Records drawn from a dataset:

_ _ _ _ _ _ _

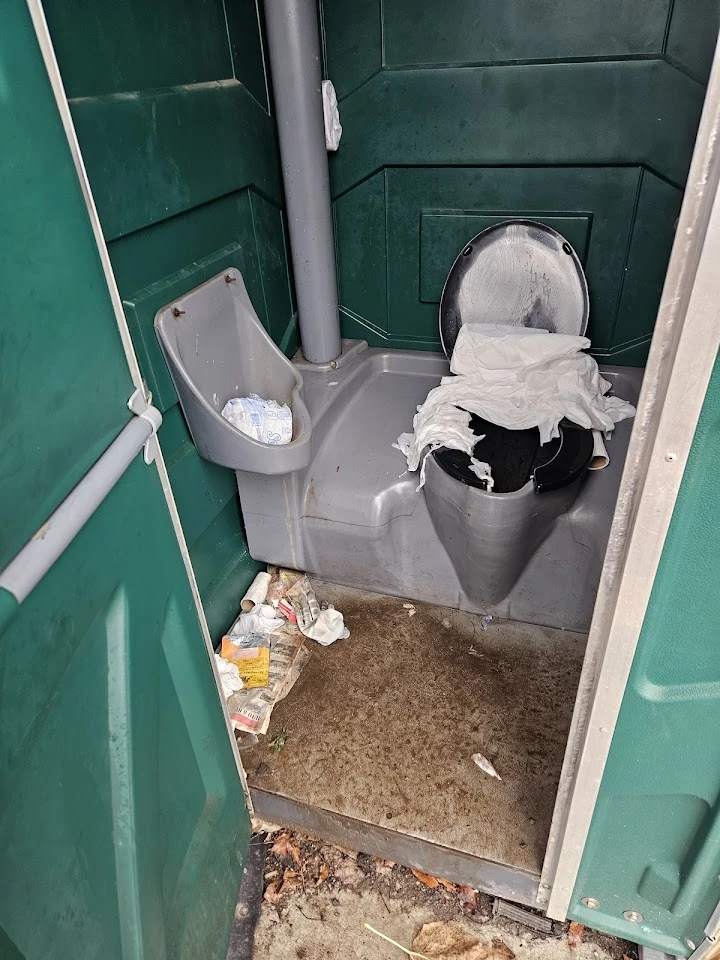 Dirty portable toilet interior with trash and waste.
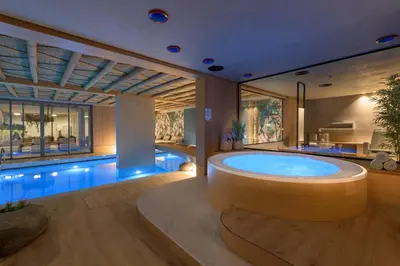 a large bathroom with a large tub in the middle at Porto Angeli in Archangelos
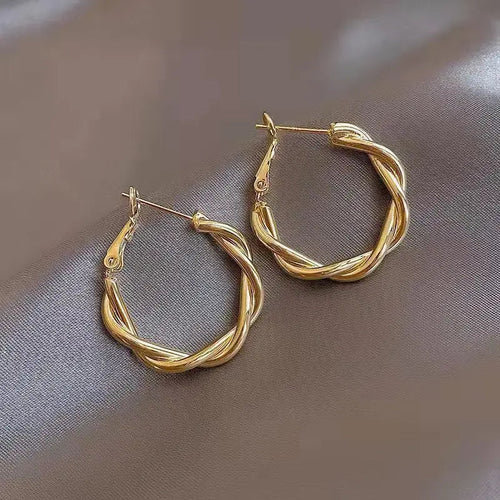 Boucles d'oreilles élégantes en or avec nœud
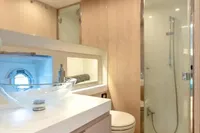Luxurious bathroom in 2021 Solaris Power 48 OPEN yacht with modern fixtures and glass shower.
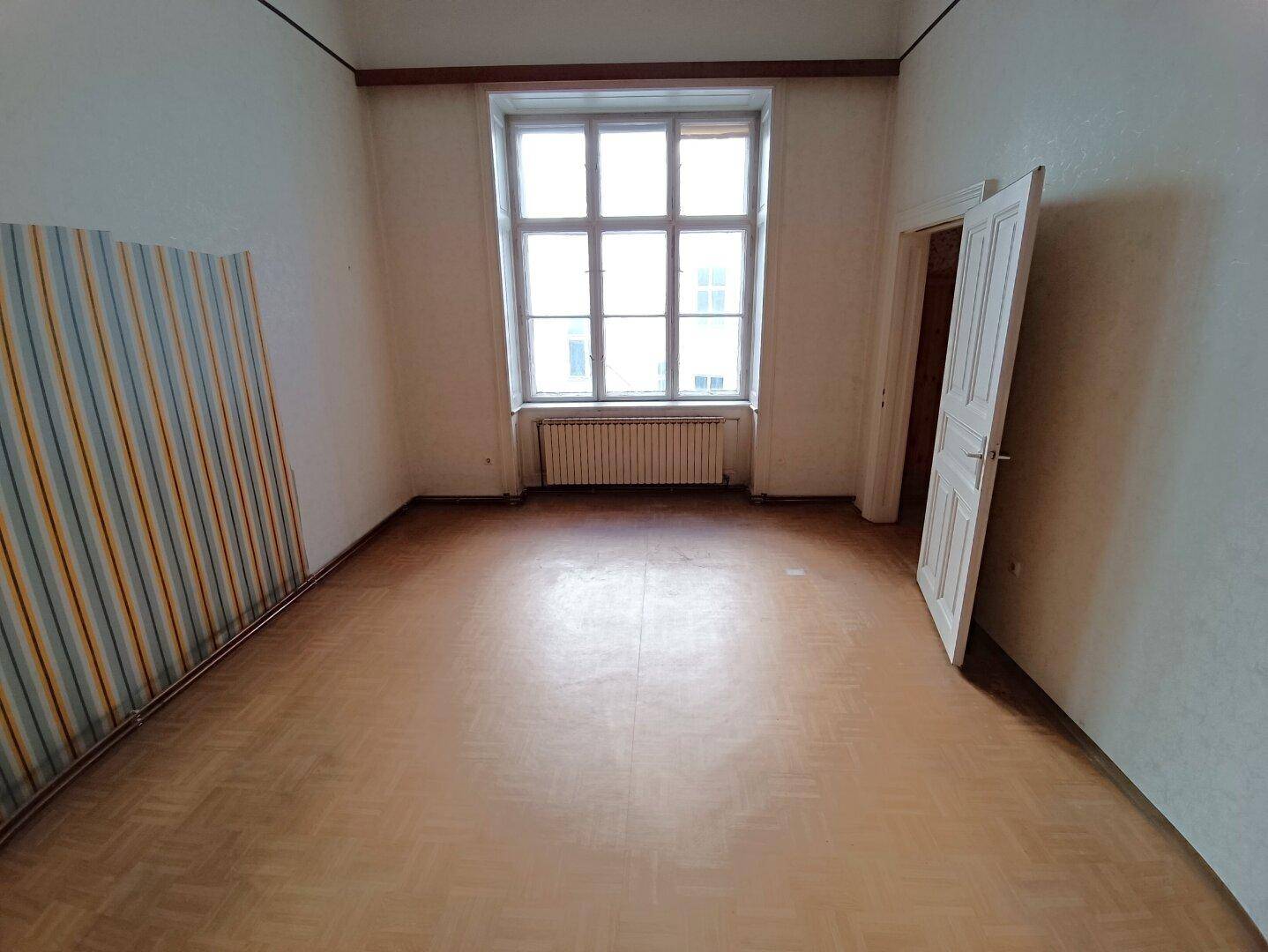Leerer Raum mit großem Fenster, Parkettboden und gestreifter Tapete an einer Wand.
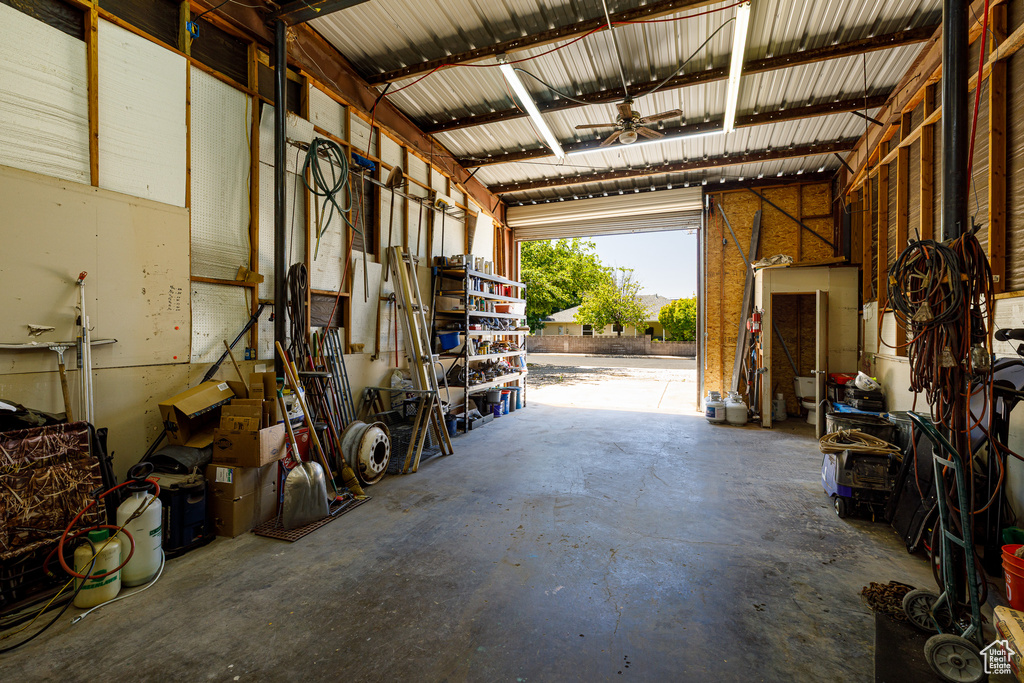 Garage featuring metal wall and a ceiling fan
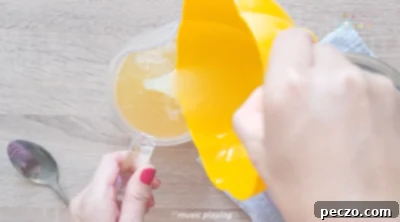 Mixing peach syrup, water, and lemon juice in a pitcher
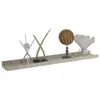 A long, light-colored shelf with various decorative objects on it. Podgląd zdjęcia produktu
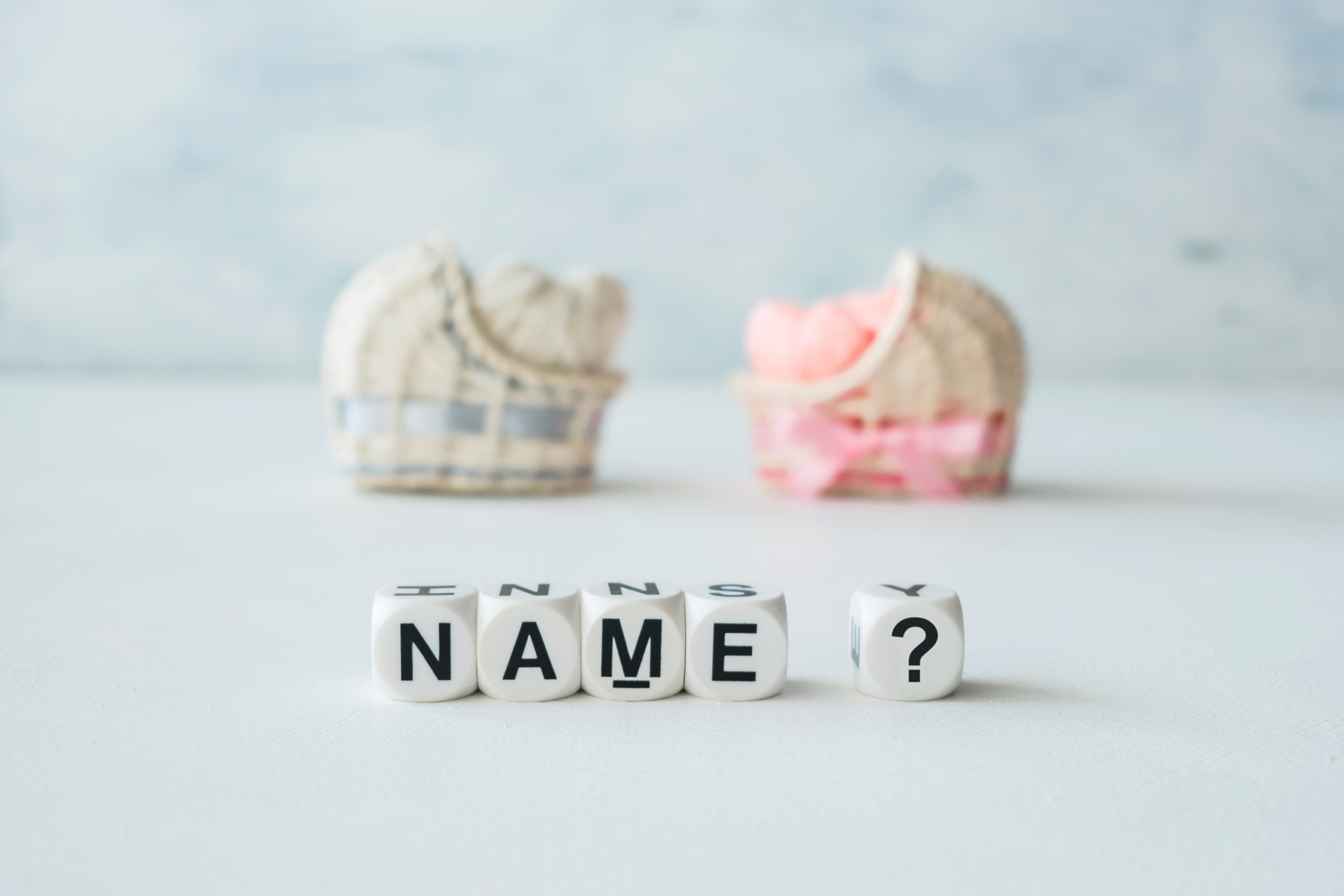 The image shows baby shoes in the background with letter blocks in the foreground spelling out "NAME?". The blocks are in focus, highlighting the question of naming a baby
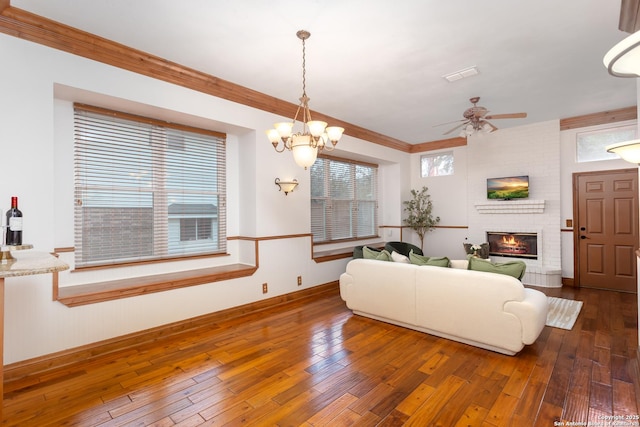 living room featuring a fireplace, dark wood-type flooring, ceiling fan with notable chandelier, and ornamental molding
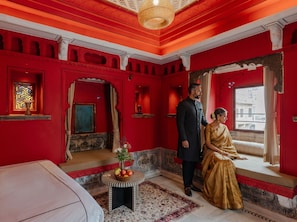 A room with red walls, a bed, a window with curtains, and a small table with fruit. - Indulge Udaipur (Phool Haveli) by PACK (Udaipur)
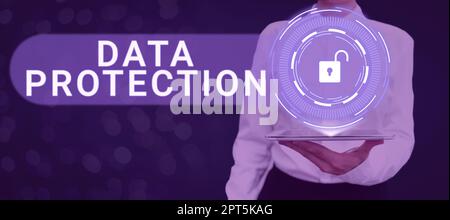 Hand writing sign Data Protection, Word Written on safeguarding information away from a possible data breach Stock Photo
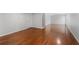 Finished basement with hardwood floors and neutral walls at 1362 Meadow Creek Nw Way, Acworth, GA 30102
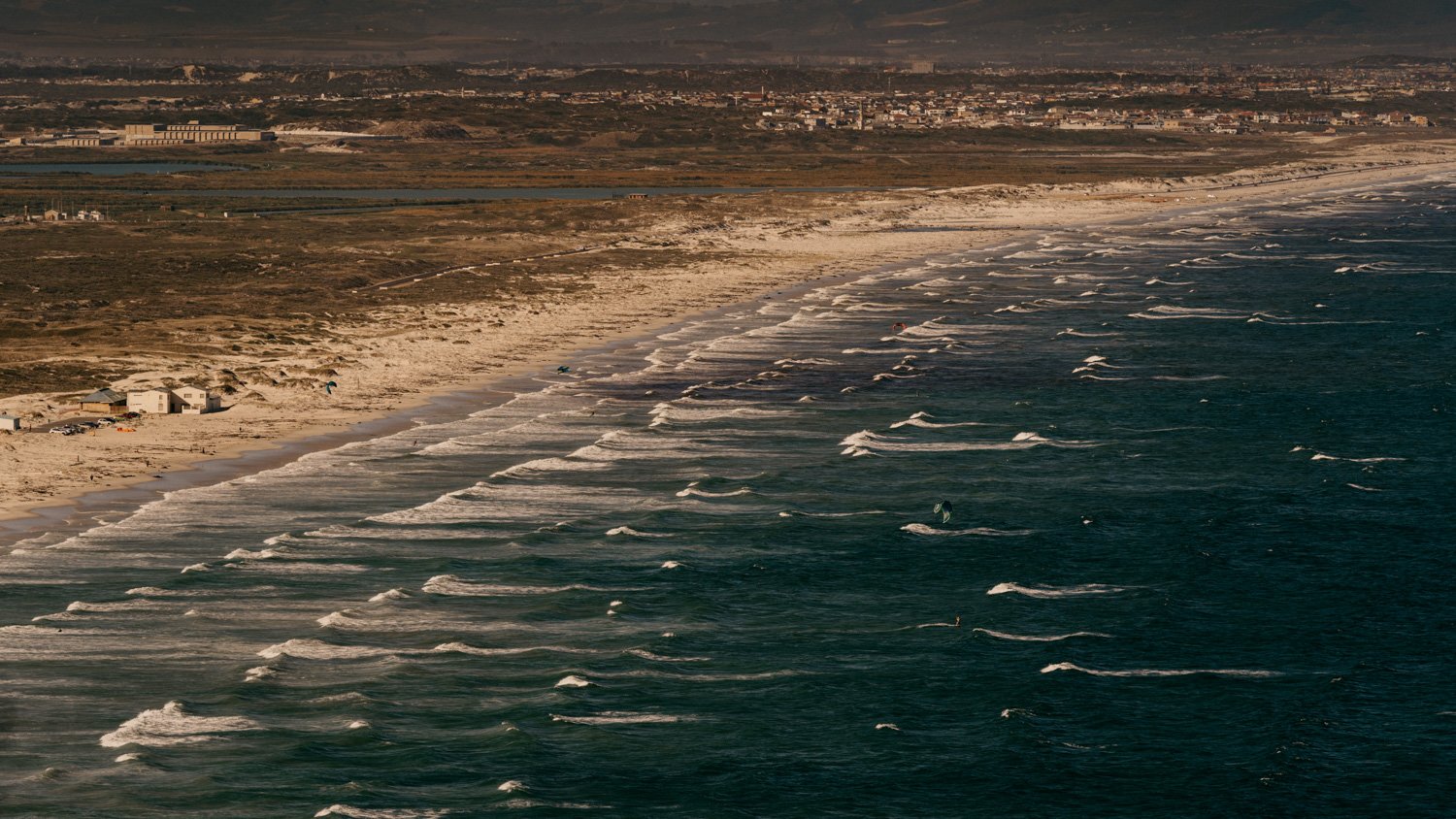 Küstenabschnitt mit Sandstrand und Wellen, im Hintergrund Stadtlandschaft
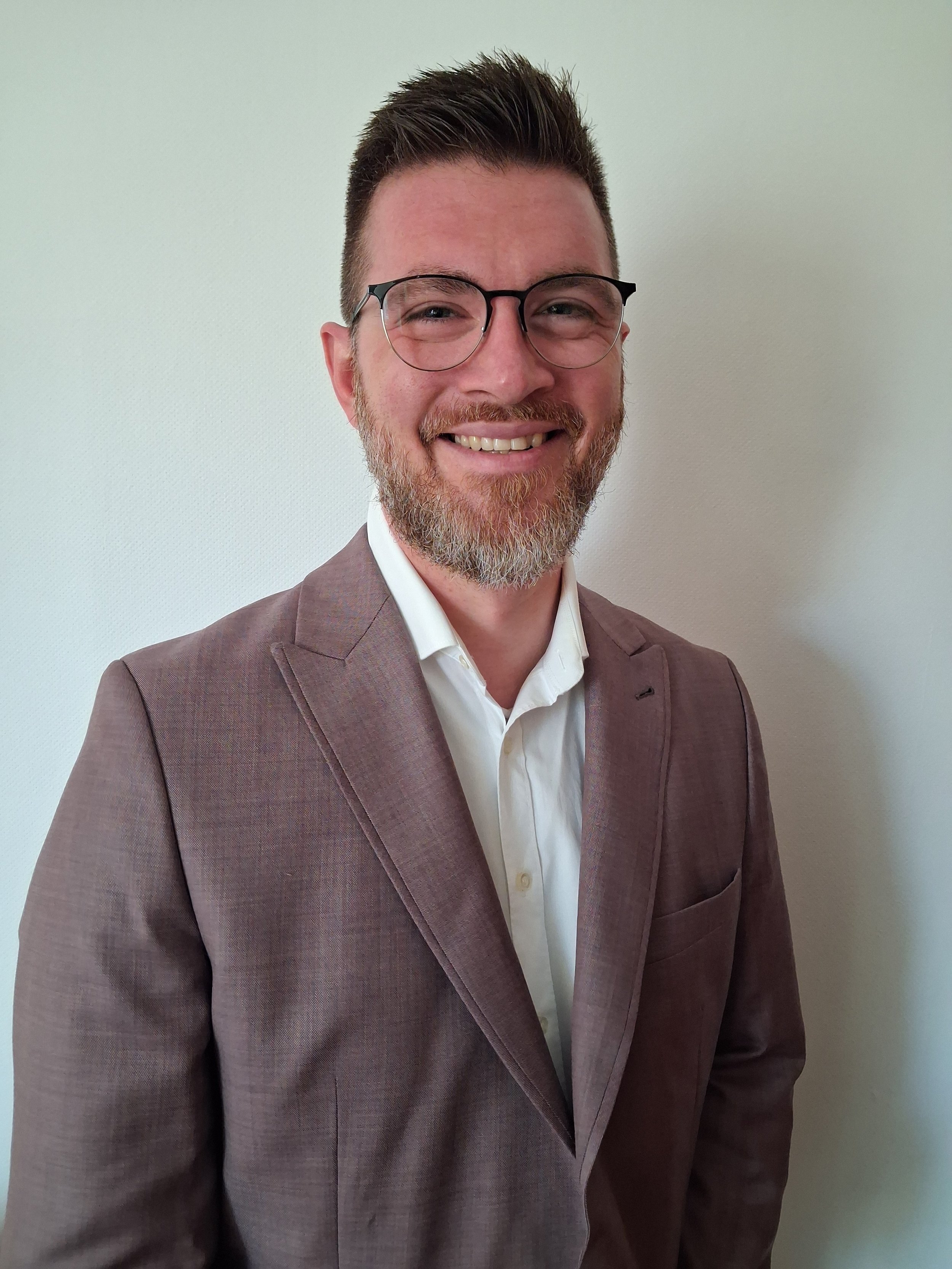 Ein lachender Mann mit Brille in Business-Kleidung vor einer weißen Wand.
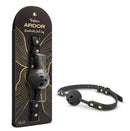 Temptasia Ardor Silicone Ball Gag Black displayed with packaging and adjustable straps, ideal for sensory play and roleplay.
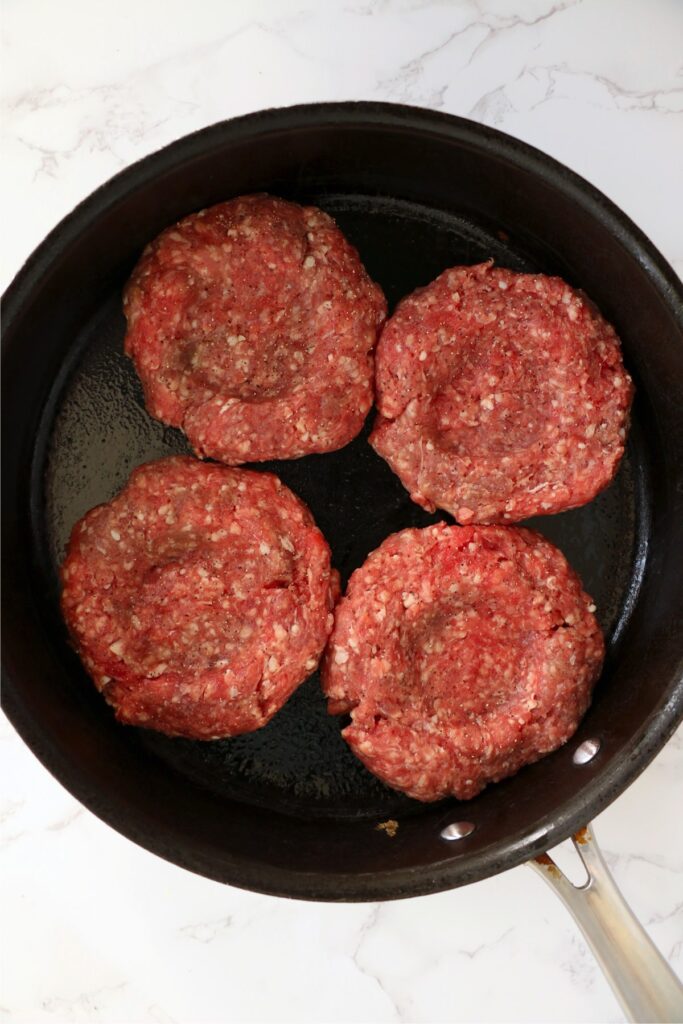 Overhead shot of hamburgers in skillet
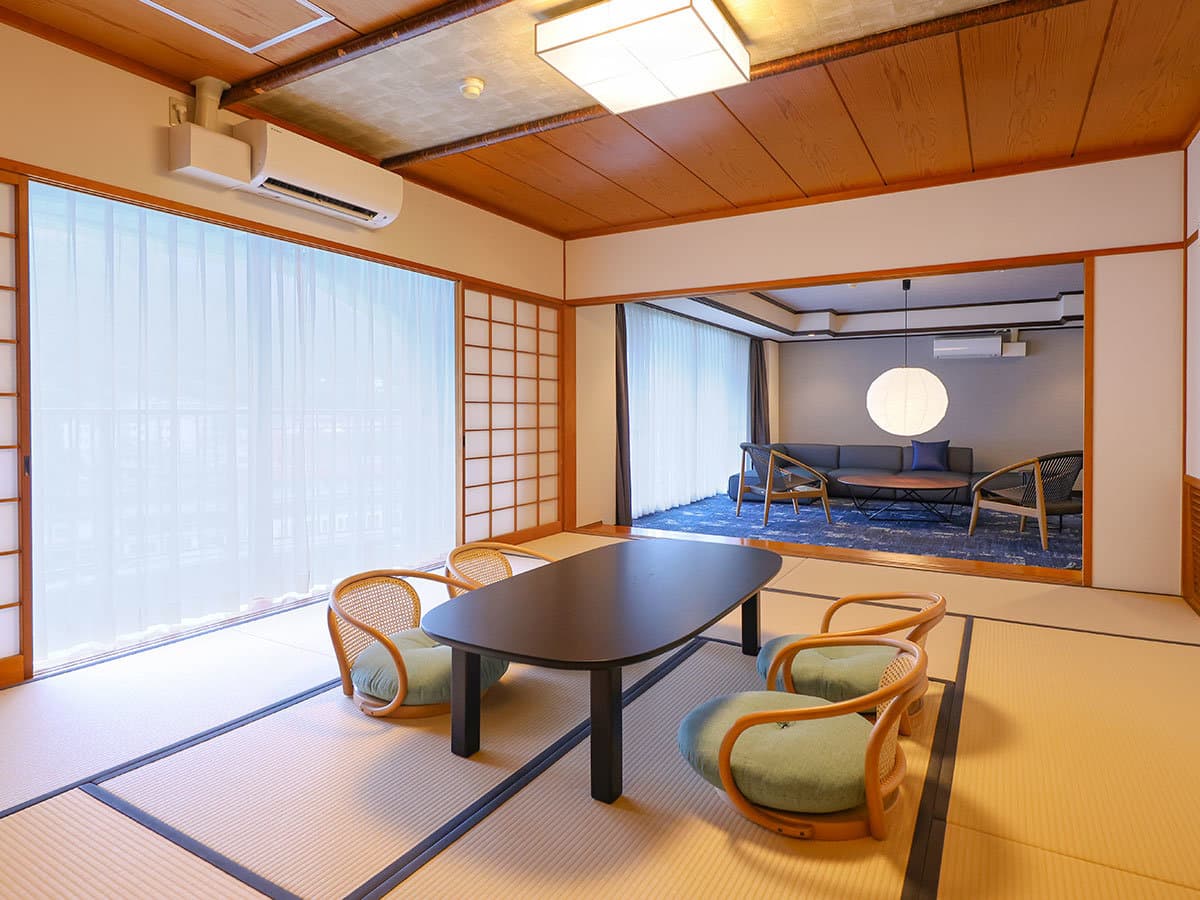 Premium suite guest room with a tatami living space, low table and adjoining lounge area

_ _ _ _ _ _ _

--- WORK ITEM ---
Your task is to transcribe, exactly and without additions, every line from the one that contains "Luxurious bathroom in" to the end of the entries above, both included. Omit all pictures.

--- ANSWER TO THE EXERCISE ---
Luxurious bathroom in 2021 Solaris Power 48 OPEN yacht with modern fixtures and glass shower.
Leerer Raum mit großem Fenster, Parkettboden und gestreifter Tapete an einer Wand.
 Garage featuring metal wall and a ceiling fan
 Mixing peach syrup, water, and lemon juice in a pitcher
 A long, light-colored shelf with various decorative objects on it. Podgląd zdjęcia produktu
 The image shows baby shoes in the background with letter blocks in the foreground spelling out "NAME?". The blocks are in focus, highlighting the question of naming a baby
 living room featuring a fireplace, dark wood-type flooring, ceiling fan with notable chandelier, and ornamental molding
 A room with red walls, a bed, a window with curtains, and a small table with fruit. - Indulge Udaipur (Phool Haveli) by PACK (Udaipur)
 Hand writing sign Data Protection, Word Written on safeguarding information away from a possible data breach Stock Photo
 Finished basement with hardwood floors and neutral walls at 1362 Meadow Creek Nw Way, Acworth, GA 30102
 Küstenabschnitt mit Sandstrand und Wellen, im Hintergrund Stadtlandschaft
 Ein lachender Mann mit Brille in Business-Kleidung vor einer weißen Wand.
 Temptasia Ardor Silicone Ball Gag Black displayed with packaging and adjustable straps, ideal for sensory play and roleplay.
 Overhead shot of hamburgers in skillet
 Premium suite guest room with a tatami living space, low table and adjoining lounge area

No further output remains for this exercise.